Кстати, в некоторых странах, например, в Эстонии действует закон об официальной информации, учитывающий возможности Интернета. Например, всю официальную информацию государственные органы должны поставлять на свой сайт сразу, немедленно. Если не «вывесили» — будут наказаны специальным департаментом. Это значит, у чиновника все меньше возможности «зажать» информацию или дать ее эксклюзивно какому-нибудь одному изданию. Если же, скажем, министр не хочет предоставлять информацию, то достаточно в статье сказать, что » министр отказался от комментариев», и можно излагать факты в одностороннем порядке. Если журналист был настойчив, но все равно получал отказ, решение Совета по прессе будет в его пользу. Официальные данные должны быть предоставлены по запросу представителей прессы немедленно. Если информация, которая необходима журналисту, требует подготовки — то не позже, чем через 5 рабочих дней. Если журналист не получает необходимую информацию, но знает, что таковая существует, он обращается с жалобой в соответствующую государственную инспекцию, и государственный служащий, независимо от ранга, получает выговор. К тому же, когда бюрократ дает отрицательный ответ, он должен по электронной почте послать копию в государственную инспекцию. Получается, что вся информация дублируется, и инспекция постоянно следит за работой чиновников: ага, а вот этот уже три раза отказался. Почему? Не пора ли сделать ревизию? Нам о подобной системе пока и мечтать не приходится: ни один самый мелкий чиновник сегодня в простоте интервью не даст, подавай ему вопросы в письменном виде, загодя.

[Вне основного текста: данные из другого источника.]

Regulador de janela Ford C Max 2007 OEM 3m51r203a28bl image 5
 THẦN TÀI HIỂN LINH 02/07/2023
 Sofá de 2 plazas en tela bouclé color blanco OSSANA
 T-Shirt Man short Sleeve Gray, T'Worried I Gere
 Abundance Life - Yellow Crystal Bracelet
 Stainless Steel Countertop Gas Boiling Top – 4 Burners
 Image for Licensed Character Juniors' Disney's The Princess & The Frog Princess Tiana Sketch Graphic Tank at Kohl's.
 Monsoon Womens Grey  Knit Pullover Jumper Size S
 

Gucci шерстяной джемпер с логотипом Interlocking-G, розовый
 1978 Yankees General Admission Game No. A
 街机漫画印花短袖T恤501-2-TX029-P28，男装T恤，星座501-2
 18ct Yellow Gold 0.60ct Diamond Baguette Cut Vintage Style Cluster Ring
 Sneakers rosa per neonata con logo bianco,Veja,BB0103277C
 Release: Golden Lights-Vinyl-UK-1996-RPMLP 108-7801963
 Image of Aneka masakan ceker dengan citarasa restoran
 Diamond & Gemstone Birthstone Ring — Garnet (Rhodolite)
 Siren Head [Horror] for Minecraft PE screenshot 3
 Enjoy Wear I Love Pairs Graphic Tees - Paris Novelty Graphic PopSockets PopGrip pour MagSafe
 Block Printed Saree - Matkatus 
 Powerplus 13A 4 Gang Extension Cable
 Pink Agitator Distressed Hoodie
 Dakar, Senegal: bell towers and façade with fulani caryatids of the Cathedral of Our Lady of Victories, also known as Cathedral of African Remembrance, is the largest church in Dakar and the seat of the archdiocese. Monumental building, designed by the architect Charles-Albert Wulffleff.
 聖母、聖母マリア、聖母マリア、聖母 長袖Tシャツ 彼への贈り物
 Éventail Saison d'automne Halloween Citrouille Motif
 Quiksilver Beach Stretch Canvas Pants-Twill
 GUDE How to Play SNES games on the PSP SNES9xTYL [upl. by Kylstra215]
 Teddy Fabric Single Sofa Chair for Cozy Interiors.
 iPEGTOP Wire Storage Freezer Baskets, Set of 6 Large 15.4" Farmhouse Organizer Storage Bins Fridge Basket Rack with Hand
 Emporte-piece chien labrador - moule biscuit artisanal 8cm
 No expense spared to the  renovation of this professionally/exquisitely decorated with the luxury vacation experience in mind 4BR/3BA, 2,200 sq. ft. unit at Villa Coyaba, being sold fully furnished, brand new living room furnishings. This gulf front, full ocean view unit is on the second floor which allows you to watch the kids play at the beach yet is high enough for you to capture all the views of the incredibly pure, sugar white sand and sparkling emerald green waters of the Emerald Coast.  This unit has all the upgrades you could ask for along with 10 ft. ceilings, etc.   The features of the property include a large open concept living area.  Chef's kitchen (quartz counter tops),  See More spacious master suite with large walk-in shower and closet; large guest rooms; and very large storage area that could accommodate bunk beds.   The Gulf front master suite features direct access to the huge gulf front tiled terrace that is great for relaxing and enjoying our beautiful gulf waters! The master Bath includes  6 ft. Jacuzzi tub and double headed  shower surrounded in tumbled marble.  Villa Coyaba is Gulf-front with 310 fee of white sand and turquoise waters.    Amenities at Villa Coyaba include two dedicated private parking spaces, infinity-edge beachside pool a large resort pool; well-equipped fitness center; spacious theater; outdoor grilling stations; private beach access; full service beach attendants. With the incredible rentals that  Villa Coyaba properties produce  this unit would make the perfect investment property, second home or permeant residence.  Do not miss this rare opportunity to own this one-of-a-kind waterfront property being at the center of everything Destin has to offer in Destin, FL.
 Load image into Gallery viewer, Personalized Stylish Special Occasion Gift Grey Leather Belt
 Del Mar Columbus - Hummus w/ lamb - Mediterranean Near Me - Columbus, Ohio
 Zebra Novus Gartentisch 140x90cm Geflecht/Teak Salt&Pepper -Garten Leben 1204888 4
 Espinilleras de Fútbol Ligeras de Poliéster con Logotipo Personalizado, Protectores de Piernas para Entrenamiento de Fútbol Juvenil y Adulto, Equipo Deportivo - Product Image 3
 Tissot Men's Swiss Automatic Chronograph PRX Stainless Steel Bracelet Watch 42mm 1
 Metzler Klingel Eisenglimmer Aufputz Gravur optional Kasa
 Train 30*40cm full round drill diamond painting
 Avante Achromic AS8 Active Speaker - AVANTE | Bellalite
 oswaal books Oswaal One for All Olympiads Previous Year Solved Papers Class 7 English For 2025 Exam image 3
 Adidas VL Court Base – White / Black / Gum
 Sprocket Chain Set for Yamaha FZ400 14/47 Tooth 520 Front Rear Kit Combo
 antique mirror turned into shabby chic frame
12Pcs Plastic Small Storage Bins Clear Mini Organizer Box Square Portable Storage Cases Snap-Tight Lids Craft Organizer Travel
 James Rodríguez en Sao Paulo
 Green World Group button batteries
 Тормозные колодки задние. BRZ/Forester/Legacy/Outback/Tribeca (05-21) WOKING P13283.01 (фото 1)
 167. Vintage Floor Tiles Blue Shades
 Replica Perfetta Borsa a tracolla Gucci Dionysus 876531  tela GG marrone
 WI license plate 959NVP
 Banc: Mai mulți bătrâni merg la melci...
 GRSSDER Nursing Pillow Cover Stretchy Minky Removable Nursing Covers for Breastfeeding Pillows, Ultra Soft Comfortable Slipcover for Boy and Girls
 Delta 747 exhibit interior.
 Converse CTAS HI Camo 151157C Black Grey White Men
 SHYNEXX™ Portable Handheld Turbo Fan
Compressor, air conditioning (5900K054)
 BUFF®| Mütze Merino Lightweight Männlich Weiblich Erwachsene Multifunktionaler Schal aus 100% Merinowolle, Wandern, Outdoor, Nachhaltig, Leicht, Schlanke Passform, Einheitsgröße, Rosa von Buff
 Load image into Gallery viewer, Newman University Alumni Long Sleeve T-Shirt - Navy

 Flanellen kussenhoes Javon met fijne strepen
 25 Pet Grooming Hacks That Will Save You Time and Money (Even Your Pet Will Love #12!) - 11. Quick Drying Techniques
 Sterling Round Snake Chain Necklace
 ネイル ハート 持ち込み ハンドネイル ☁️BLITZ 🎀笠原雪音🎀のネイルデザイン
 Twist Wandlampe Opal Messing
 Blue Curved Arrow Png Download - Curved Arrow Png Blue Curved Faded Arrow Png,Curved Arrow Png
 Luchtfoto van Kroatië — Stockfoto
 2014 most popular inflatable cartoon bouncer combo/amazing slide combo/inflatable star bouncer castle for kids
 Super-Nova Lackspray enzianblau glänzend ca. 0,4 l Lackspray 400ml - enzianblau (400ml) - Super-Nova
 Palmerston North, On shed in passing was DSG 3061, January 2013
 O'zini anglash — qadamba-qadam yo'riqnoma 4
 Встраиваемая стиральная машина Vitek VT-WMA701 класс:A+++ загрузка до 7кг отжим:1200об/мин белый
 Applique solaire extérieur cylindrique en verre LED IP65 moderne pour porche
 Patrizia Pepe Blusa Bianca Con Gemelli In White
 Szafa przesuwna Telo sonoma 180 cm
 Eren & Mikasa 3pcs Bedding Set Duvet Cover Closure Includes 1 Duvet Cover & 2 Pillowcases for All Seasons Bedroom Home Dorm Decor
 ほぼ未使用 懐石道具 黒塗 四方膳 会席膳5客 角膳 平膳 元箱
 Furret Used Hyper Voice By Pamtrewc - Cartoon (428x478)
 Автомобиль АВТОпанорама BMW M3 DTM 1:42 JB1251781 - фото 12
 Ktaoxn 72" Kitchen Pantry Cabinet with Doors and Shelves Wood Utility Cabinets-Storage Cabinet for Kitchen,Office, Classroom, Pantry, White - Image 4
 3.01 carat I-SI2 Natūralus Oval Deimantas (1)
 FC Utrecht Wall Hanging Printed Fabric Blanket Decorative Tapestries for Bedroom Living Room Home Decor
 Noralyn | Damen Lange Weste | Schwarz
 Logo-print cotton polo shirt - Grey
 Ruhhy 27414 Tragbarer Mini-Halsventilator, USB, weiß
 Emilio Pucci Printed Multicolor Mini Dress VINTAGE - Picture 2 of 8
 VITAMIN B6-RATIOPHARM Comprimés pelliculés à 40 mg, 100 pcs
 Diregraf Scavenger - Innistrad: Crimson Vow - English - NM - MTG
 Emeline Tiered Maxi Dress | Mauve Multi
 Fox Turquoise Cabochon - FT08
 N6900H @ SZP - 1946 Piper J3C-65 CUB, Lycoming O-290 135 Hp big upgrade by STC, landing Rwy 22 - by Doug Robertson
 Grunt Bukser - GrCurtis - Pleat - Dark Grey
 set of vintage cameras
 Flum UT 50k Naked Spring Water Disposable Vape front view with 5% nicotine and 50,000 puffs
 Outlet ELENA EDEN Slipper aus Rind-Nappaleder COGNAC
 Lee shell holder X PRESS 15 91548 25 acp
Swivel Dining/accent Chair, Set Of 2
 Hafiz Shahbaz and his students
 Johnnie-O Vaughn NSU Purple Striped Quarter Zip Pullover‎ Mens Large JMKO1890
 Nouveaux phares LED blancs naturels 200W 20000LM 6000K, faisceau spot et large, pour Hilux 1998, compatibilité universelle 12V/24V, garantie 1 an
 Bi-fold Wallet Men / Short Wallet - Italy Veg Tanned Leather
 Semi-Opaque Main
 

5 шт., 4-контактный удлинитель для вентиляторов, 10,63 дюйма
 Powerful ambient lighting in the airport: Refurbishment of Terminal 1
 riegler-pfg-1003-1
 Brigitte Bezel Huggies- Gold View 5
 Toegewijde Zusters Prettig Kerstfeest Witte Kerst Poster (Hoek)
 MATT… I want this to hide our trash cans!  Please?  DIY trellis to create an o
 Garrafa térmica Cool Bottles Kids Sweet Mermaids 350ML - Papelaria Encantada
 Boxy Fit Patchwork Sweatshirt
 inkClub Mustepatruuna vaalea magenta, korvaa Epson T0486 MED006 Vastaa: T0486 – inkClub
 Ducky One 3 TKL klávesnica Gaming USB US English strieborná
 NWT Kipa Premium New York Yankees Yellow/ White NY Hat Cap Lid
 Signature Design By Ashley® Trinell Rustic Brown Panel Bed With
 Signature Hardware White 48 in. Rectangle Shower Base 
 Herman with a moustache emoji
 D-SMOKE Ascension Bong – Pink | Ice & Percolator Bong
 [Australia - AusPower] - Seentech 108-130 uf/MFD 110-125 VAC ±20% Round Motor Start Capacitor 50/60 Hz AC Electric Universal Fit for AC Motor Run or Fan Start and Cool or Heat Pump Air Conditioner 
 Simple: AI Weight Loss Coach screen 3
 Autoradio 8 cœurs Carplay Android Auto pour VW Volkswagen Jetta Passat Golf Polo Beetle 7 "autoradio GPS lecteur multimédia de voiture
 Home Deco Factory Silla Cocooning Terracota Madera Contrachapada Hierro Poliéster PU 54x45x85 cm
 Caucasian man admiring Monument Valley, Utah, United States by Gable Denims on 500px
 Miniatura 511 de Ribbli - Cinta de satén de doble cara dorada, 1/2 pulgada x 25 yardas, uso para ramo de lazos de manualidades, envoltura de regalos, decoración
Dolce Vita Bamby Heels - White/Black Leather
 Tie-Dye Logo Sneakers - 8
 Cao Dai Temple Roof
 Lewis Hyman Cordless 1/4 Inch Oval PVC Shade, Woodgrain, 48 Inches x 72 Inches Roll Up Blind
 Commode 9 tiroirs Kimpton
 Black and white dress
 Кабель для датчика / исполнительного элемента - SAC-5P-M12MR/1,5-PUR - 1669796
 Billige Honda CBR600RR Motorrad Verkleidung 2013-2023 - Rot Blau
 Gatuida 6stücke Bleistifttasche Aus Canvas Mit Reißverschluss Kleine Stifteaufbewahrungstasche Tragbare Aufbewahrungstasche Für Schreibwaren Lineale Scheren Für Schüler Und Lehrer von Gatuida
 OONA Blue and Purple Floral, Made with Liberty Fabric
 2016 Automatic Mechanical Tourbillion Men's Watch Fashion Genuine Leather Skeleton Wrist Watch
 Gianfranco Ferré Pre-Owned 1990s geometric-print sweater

Сегодня модно говорить об ангажированности казахстанской прессы. Мол, никакой независимости у нее и в помине нет, журналисты старательно обслуживает владельцев заводов, газет, пароходов, выполняя любые их заказы. Один из выводов авторов исследования таков: «Портрет типичного представителя отечественных СМИ, нарисованный самими журналистами, оказался весьма далек от заявленных ими профессиональных идеалов. Отдавая должное умению своих коллег интересно и доступно изложить материал, они, тем не менее, считают одной из самых ярких черт казахстанского журналиста ангажированность. Кроме того, в этом рейтинге высокое место занимает такое качество, как продажность, а независимость, напротив, самое последнее место. Что же касается необходимой этической составляющей портрета настоящего профессионала — честности и порядочности, то они занимают последнее место в перечне этих качеств». Все это правильно. Но, обличая друг друга и посыпая головы пеплом, мы как-то забываем о том, что журналистика не существует сама по себе, она теснейшим образом связана состоянием общества в целом. И для того, чтобы кардинально переломить ситуацию, все до единого журналисты должны враз объявить забастовку и прекратить работу. Что в принципе невозможно, и все это понимают. Тем более, что солидарность представителей цеха оставляет желать. В той же «Попытке автопортрета» обобщается: «Отношения в журналистской среде являются практично-доброжелательными».
Автор сначала возмутился таким термином, а потом повспоминал свои отношения в оной среде и согласился: и впрямь практично-доброжелательные. То есть даже если тебе в пылу информационных войн велят «наехать» на какое-либо издание, ты практично выполнишь задание, но к коллегам с воюющей стороны будешь относиться по-прежнему нормально. Ведь умные люди понимают истоки пресловутой ангажированности.
Не удержусь и закончу также цитатой. «Для меня нет интереса знать что-либо, хотя бы и самое полезное, если только я один буду это знать. Если бы мне предложили высшую мудрость под непременным условием, чтобы я молчал о ней, я бы отказался», — сказал Сенека даже и не сообразишь сколько веков назад. А ведь в точку!